EXERCISE PROMPT: In the listing below, locate the line containing "Вилла 5+2 в" and copy it and every line after it through the end, exactly as written, leaving out any pictures.

AVAILABLE DATA:
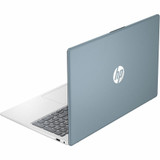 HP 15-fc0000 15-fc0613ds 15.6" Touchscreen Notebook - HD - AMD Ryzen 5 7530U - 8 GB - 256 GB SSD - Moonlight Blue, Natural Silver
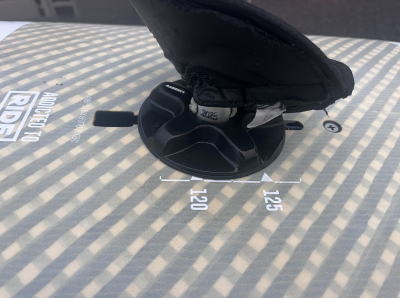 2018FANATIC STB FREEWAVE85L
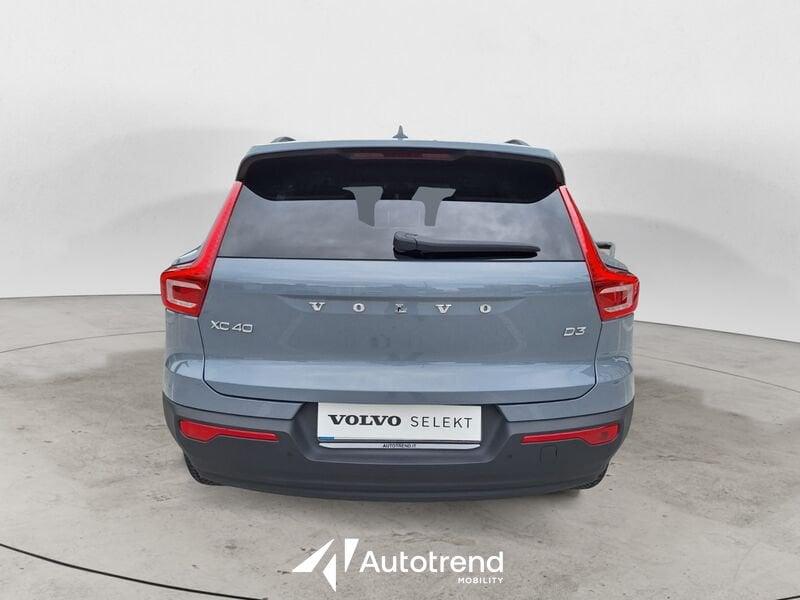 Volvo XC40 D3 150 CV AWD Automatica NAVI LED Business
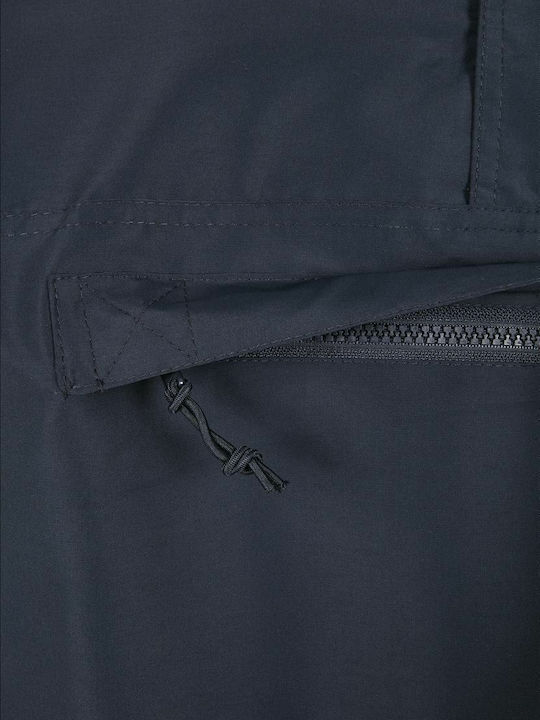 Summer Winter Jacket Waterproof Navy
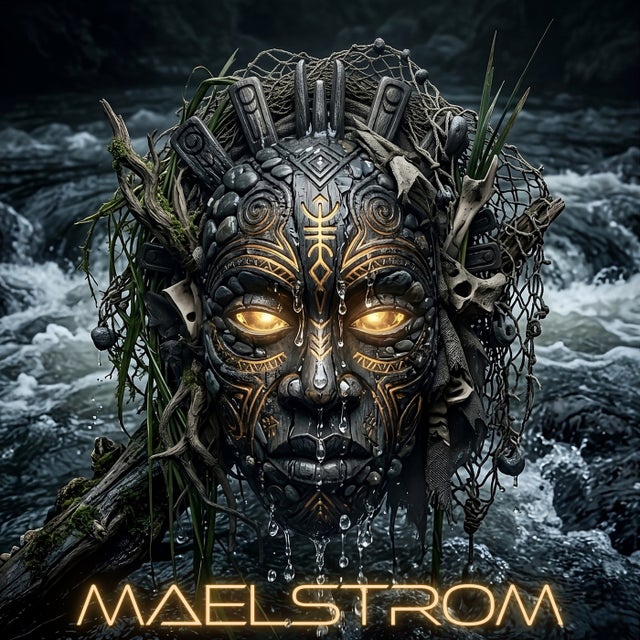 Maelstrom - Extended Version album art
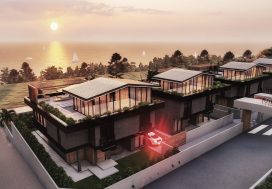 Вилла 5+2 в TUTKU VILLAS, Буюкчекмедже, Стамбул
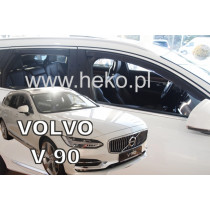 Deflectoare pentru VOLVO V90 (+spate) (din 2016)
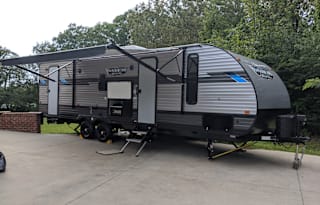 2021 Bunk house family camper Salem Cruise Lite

RESPONSE:
 Вилла 5+2 в TUTKU VILLAS, Буюкчекмедже, Стамбул
 Deflectoare pentru VOLVO V90 (+spate) (din 2016)
 2021 Bunk house family camper Salem Cruise Lite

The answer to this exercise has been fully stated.